IEA menyebutkan, sebagian besar pelemahan permintaan ini akan terjadi dalam beberapa bulan mendatang. Proyeksi ekonomi global pun diturunkan, menyusul kebijakan tarif baru yang diberlakukan AS sejak awal April.
“Meski impor minyak mentah, gas, dan produk olahan dikecualikan dari tarif baru yang diumumkan AS, kekhawatiran bahwa langkah ini dapat memicu inflasi, memperlambat pertumbuhan ekonomi, dan memperuncing konflik dagang tetap membebani harga minyak,” kata IEA.
“Dengan proses negosiasi dan aksi balasan yang masih berlangsung, situasi masih dinamis dan penuh risiko. Kami menurunkan asumsi pertumbuhan ekonomi yang mendasari proyeksi kami, sehingga proyeksi pertumbuhan permintaan minyak untuk sisa tahun ini dipangkas sebesar 400 ribu bph.”
IEA juga menurunkan proyeksi pertumbuhan produksi minyak AS tahun ini sebesar 150.000 bph menjadi 490.000 bph, seiring tekanan harga dan biaya yang meningkat akibat kenaikan harga baja dan peralatan tambang imbas tarif. Namun, total pertumbuhan pasokan dari negara non-OPEC masih diperkirakan mencapai 1,3 juta bph tahun ini.

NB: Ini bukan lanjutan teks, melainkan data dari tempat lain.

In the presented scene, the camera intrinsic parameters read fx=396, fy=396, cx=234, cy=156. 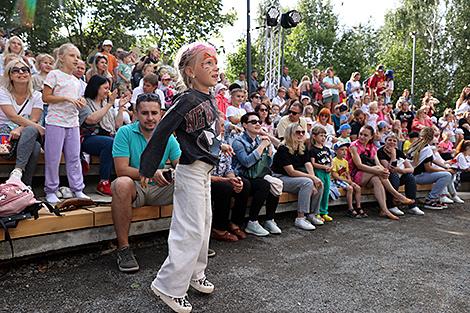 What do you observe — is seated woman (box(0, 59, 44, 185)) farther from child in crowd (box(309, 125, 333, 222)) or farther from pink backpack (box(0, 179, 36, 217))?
child in crowd (box(309, 125, 333, 222))

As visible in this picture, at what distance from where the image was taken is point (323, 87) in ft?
40.6

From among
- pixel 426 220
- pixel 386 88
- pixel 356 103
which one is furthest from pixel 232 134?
pixel 386 88

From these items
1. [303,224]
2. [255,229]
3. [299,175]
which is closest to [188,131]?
[255,229]

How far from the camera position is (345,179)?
6.18m

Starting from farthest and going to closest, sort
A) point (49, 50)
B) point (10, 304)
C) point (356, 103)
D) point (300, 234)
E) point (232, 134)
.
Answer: point (49, 50) < point (356, 103) < point (232, 134) < point (300, 234) < point (10, 304)

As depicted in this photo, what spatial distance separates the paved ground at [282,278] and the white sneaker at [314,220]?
1.67ft

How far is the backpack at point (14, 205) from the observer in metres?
2.94

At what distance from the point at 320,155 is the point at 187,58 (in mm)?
3387

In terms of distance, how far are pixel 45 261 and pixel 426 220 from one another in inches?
205

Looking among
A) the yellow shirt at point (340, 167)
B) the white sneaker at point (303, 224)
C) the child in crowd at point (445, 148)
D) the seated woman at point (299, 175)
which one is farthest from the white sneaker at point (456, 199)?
the white sneaker at point (303, 224)

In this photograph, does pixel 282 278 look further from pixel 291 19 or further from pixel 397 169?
pixel 291 19

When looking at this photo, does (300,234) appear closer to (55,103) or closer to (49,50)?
(55,103)

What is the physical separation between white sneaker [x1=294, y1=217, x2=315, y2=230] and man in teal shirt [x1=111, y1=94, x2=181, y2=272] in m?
2.01

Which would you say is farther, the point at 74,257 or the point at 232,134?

IEA menjadi lembaga terakhir sekaligus paling pesimistis di antara tiga badan besar yang merilis proyeksi bulanan. Sehari sebelumnya, OPEC memangkas proyeksi pertumbuhan permintaan sebesar 100.000 bph menjadi 1,3 juta bph. Sementara pekan lalu, Badan Informasi Energi AS (EIA) memangkas proyeksi permintaan global untuk 2025 dari 104,1 juta bph menjadi 103,6 juta bph.